TASK PROMPT → Give back exactly the lines from the one that holds "Kia Carnival YP (2017) Exterior" through the final line of the data; omit the pictures and add nothing.

DATA LISTING →
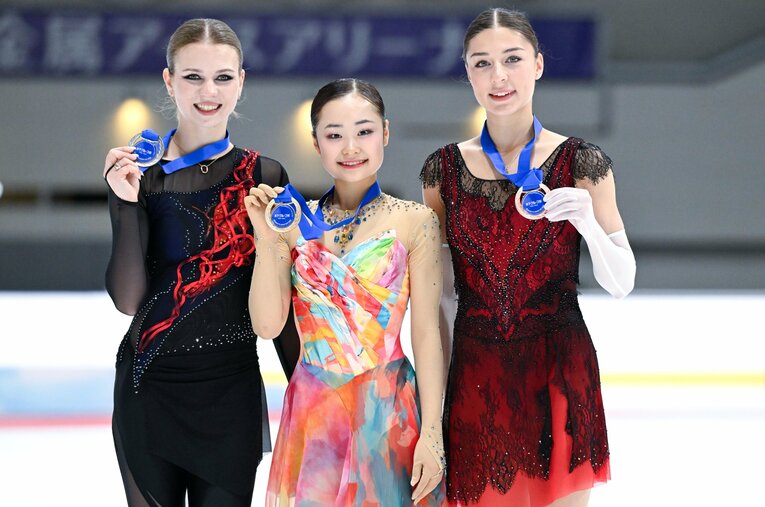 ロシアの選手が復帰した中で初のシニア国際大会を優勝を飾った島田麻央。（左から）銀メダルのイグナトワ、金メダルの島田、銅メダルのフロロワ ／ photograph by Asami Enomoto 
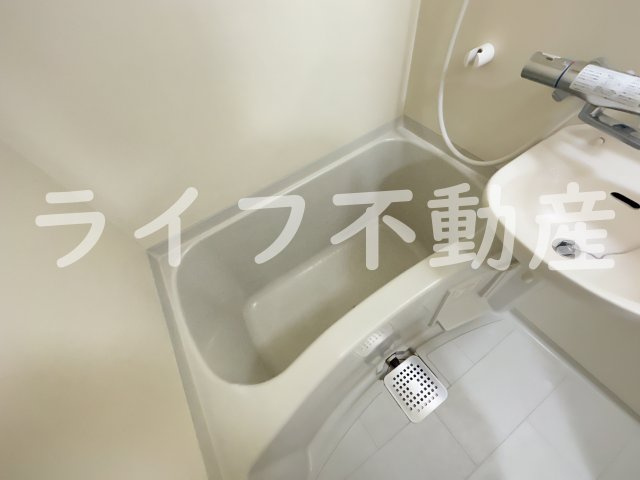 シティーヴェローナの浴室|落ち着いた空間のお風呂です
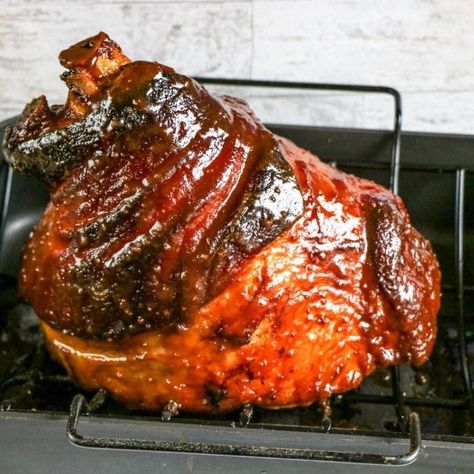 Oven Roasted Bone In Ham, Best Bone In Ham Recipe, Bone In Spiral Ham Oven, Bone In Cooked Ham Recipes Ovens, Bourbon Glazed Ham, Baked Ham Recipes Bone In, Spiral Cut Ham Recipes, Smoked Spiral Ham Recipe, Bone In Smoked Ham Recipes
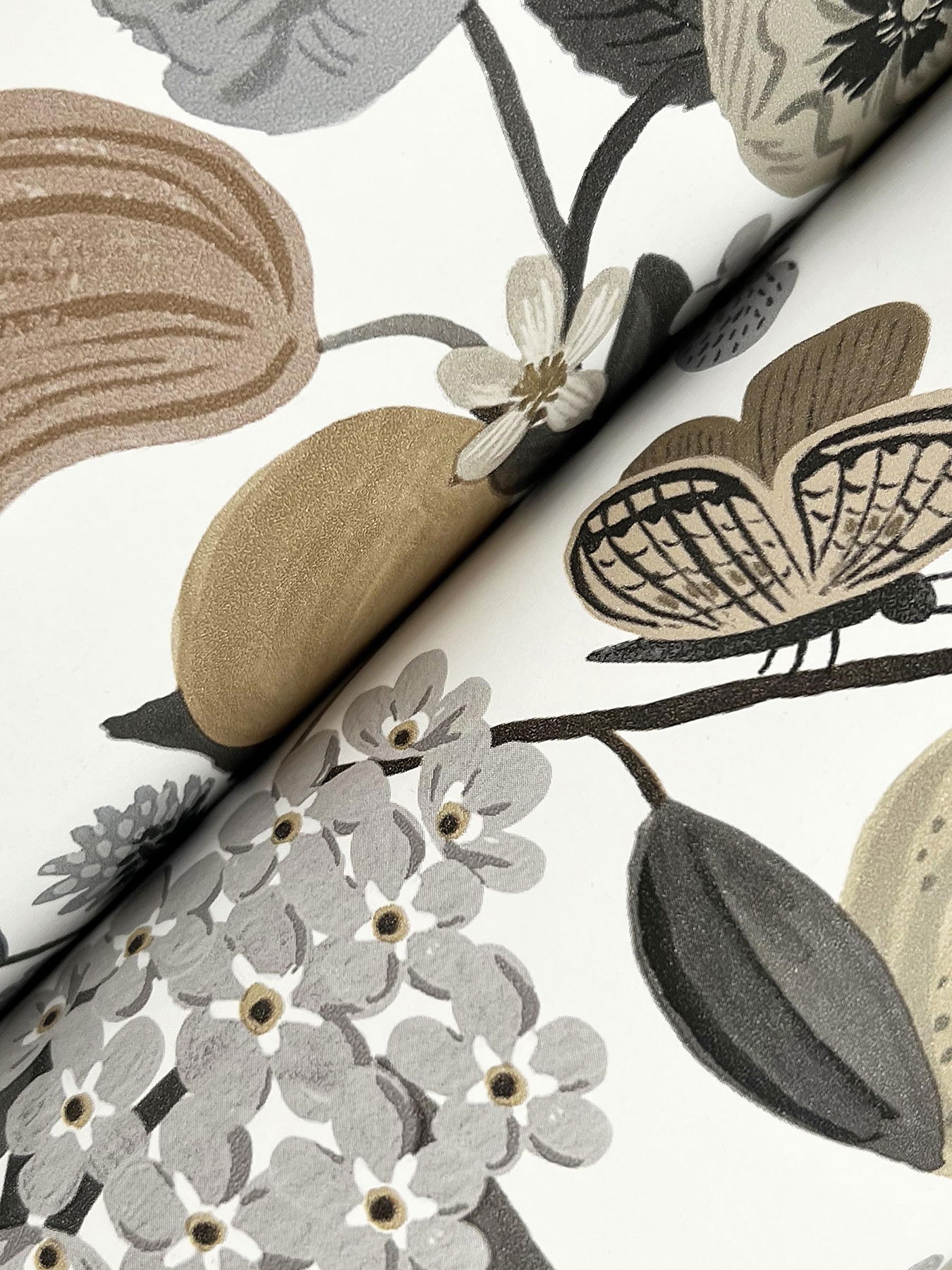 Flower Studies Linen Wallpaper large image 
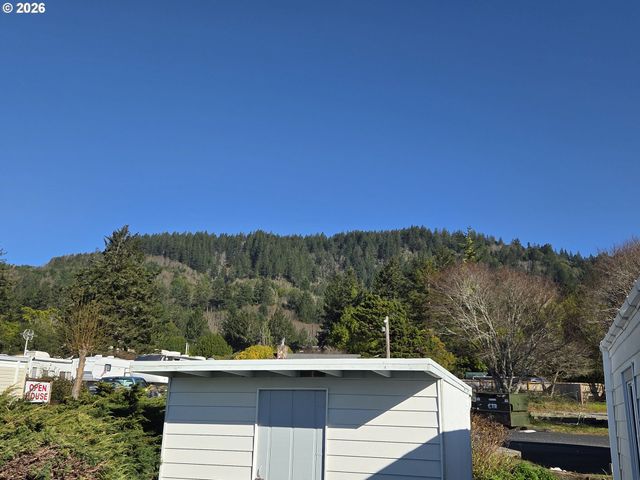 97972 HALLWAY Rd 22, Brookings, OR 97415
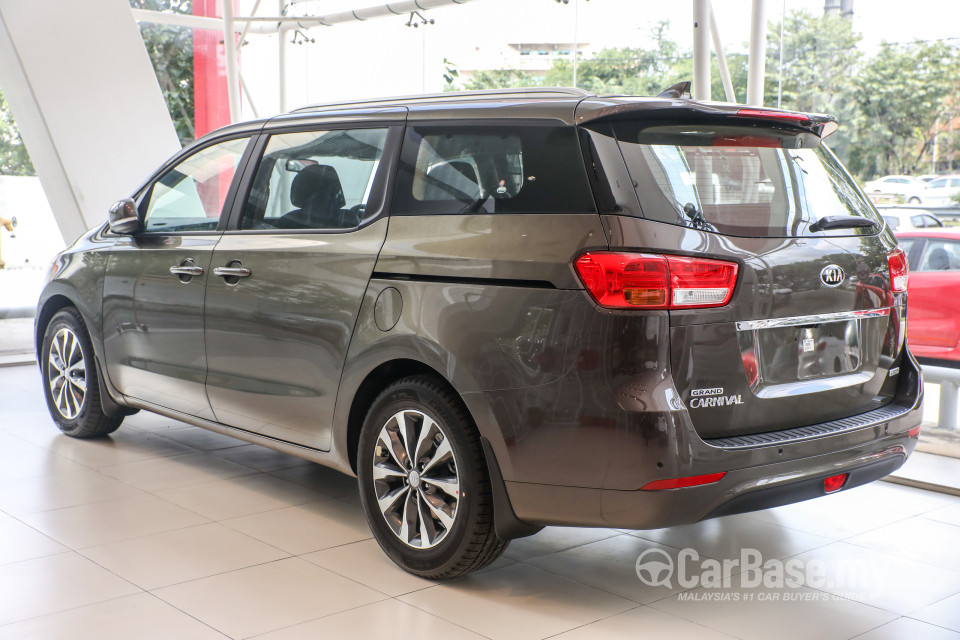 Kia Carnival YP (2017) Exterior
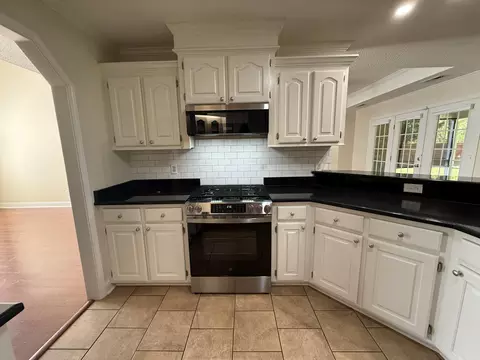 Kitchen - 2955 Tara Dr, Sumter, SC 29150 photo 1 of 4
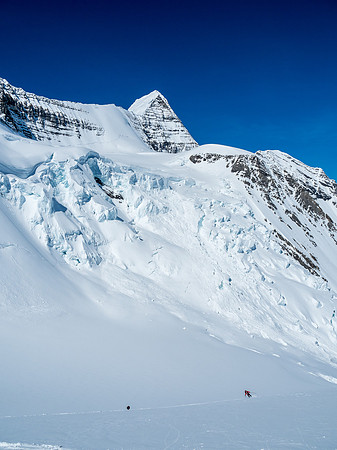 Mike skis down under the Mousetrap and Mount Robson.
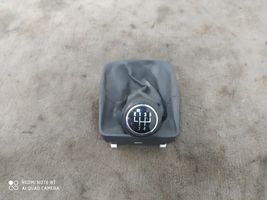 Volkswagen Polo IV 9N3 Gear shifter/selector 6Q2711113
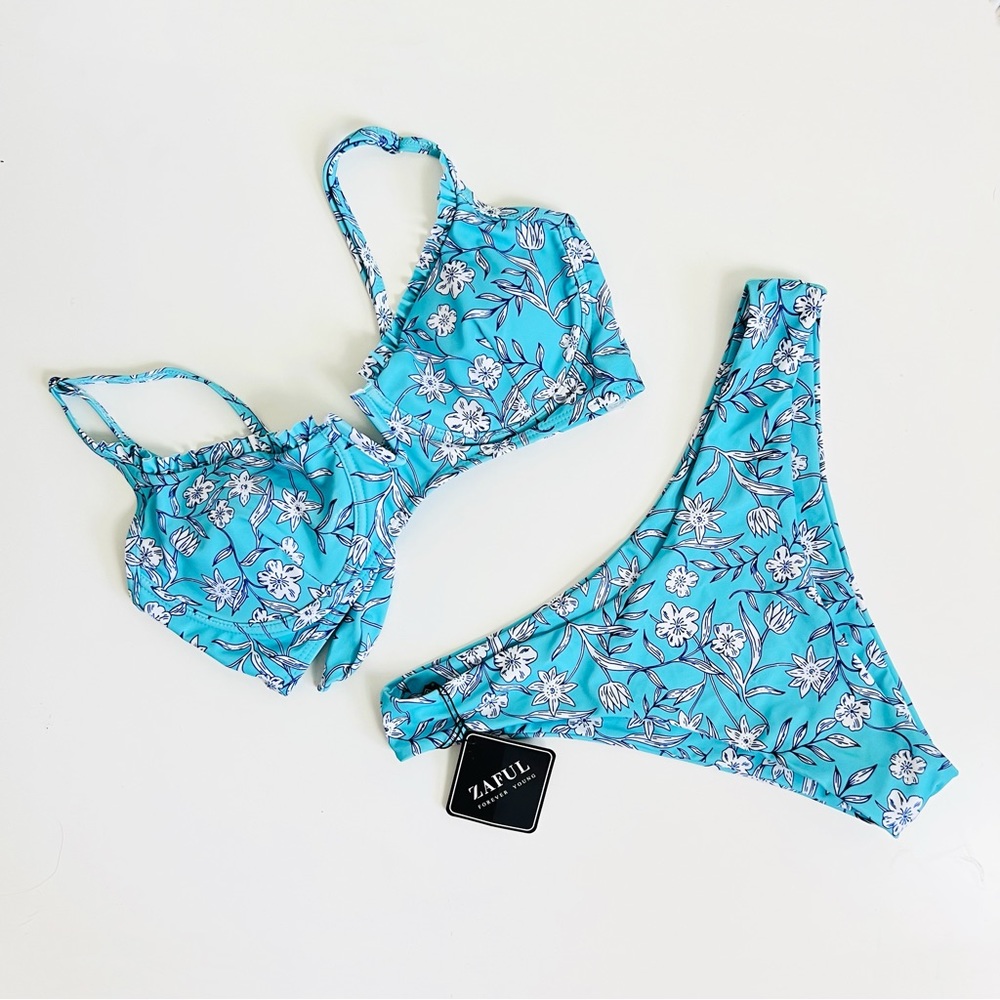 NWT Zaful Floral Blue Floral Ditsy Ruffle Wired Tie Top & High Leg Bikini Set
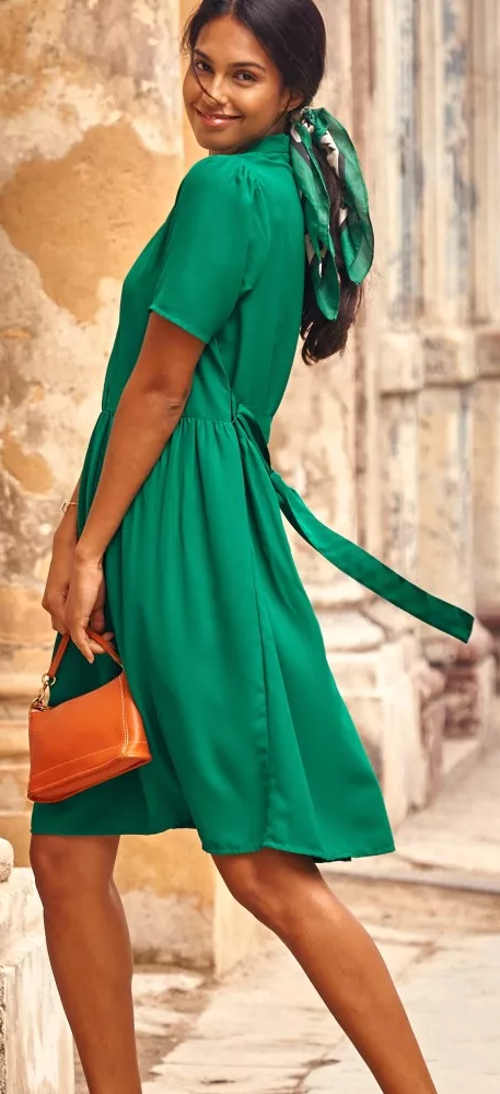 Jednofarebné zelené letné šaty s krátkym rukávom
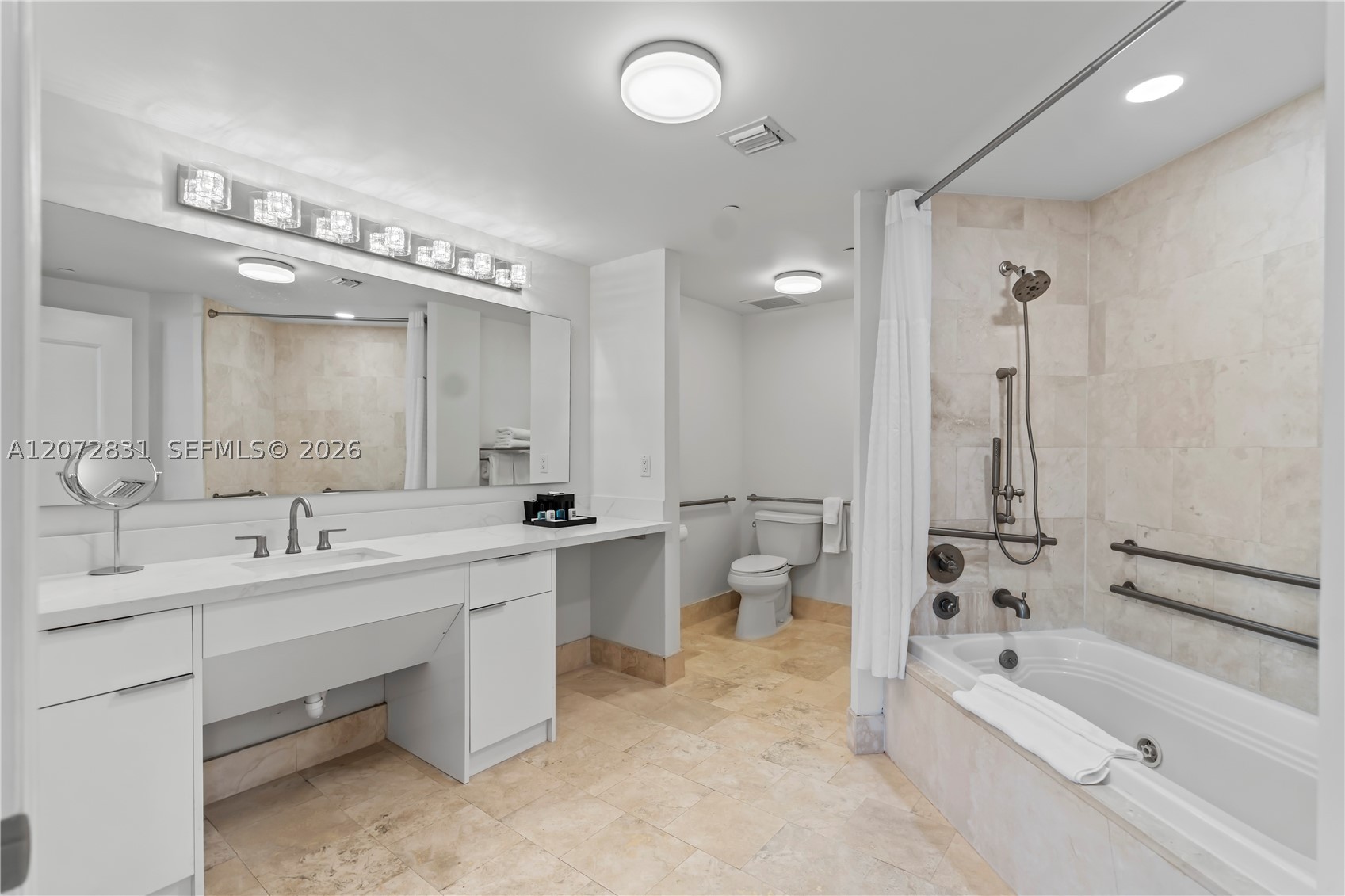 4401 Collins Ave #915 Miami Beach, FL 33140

SOLUTION BELOW →
 Kia Carnival YP (2017) Exterior
 Kitchen - 2955 Tara Dr, Sumter, SC 29150 photo 1 of 4
 Mike skis down under the Mousetrap and Mount Robson.
 Volkswagen Polo IV 9N3 Gear shifter/selector 6Q2711113
 NWT Zaful Floral Blue Floral Ditsy Ruffle Wired Tie Top & High Leg Bikini Set
 Jednofarebné zelené letné šaty s krátkym rukávom
 4401 Collins Ave #915 Miami Beach, FL 33140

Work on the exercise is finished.